1. n^(1/n)

Prove that the series $\displaystyle a_n=\root n\of {n}$ starting with $\displaystyle n=1$ has its maximum at $\displaystyle n=3$, therefore afterwords it strictly decreasing. (I know that $\displaystyle \lim_{n\rightarrow\infty}\root n\of {n}=1$.)

2. Hi

Maybe there is another way but I would do it by studying the function $\displaystyle f(x) = x^{\frac{1}{x}} = e^{\frac{ln x}{x}}$

3. Hi I'm new here. Just curious what level of math this would be??

4. I cannot really answer your question since I don't know the American education system.

What I can say is that you need to know how to calculate the derivative of $\displaystyle e^{\frac{ln x}{x}}$.

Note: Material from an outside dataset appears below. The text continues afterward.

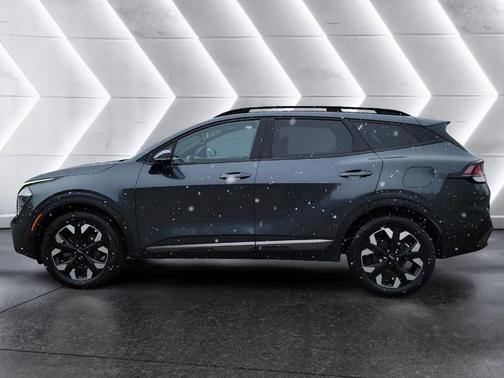 Black 2023 Kia Sportage X-Line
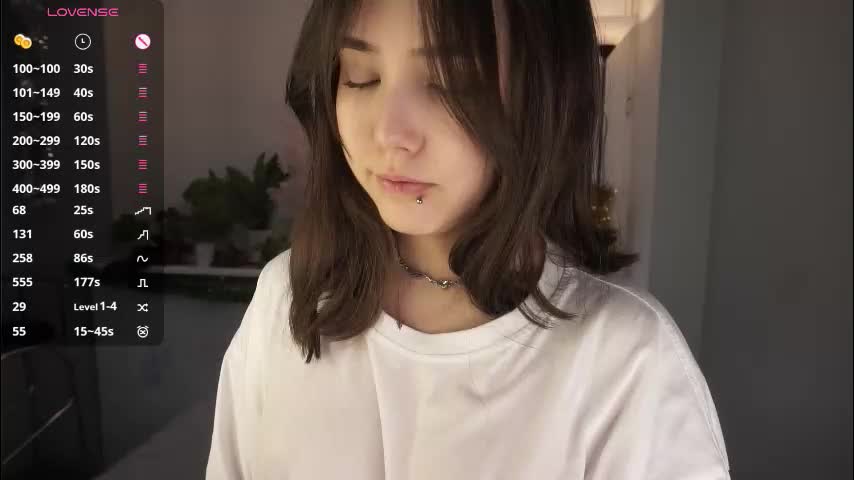 zara_shine Adult Chat January 4, 2026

5. $\displaystyle f'(x)=e^{\frac {\ln x}x} \left(\frac{1}{x^2}-\frac{\ln x}{x^2}\right)=0\rightarrow x=e$. Thanks!

6. Fine !

Now you need to compare $\displaystyle 2^{\frac{1}{2}}$ and $\displaystyle 3^{\frac{1}{3}}$

7. Originally Posted by becky129622
Hi I'm new here. Just curious what level of math this would be??
Probably 1st year university level (but it probably depends on the country of origin).